> _Records for processing_:

· · · · · · ·

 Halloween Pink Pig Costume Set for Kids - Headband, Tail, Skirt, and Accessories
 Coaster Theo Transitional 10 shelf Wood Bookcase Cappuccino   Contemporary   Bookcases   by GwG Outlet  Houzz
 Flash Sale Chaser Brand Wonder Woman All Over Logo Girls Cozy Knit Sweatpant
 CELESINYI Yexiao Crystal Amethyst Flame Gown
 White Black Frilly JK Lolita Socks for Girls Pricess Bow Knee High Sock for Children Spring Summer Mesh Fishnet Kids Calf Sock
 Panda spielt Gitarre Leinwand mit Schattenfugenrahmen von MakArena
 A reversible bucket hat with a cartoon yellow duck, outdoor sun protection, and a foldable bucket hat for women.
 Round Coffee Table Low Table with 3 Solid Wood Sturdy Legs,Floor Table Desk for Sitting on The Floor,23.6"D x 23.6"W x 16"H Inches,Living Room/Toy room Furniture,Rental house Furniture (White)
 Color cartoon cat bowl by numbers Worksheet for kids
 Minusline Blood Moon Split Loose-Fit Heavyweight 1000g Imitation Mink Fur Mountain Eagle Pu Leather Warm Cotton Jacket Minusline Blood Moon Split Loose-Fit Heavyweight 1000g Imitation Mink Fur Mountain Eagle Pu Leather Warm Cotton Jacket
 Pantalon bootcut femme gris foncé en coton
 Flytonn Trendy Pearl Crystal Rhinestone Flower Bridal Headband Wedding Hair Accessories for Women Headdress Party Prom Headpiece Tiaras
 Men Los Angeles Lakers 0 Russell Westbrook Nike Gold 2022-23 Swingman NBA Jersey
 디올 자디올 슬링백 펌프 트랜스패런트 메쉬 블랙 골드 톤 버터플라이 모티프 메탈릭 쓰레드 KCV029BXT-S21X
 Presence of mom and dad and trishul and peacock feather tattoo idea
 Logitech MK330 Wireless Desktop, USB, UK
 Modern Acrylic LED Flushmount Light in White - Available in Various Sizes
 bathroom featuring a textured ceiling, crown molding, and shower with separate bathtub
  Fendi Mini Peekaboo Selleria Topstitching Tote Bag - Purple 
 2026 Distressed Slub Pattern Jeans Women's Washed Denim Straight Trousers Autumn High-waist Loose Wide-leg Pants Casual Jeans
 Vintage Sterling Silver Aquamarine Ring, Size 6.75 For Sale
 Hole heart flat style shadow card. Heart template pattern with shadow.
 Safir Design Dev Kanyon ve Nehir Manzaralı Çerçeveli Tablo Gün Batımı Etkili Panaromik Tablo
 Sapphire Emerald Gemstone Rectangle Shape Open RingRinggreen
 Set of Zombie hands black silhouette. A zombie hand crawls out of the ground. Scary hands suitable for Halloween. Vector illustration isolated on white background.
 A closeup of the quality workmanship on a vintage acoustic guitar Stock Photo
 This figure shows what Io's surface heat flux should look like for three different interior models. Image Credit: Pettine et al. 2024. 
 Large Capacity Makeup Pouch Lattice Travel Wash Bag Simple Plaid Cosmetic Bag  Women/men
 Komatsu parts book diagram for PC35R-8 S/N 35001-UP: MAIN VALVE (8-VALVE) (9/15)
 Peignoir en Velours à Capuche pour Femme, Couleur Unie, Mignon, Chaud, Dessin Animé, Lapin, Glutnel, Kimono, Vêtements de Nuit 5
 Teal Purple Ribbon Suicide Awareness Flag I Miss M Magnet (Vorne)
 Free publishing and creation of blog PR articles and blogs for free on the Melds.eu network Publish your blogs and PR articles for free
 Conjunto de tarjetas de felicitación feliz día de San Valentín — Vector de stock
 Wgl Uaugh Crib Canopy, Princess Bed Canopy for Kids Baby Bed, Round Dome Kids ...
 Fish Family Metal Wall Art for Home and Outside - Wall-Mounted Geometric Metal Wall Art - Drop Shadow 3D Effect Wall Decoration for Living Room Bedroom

· · · · · · ·

> _Directions_:
Number of lines above holding "Purple"? Give that number alone.

> _Exercise answer_:
2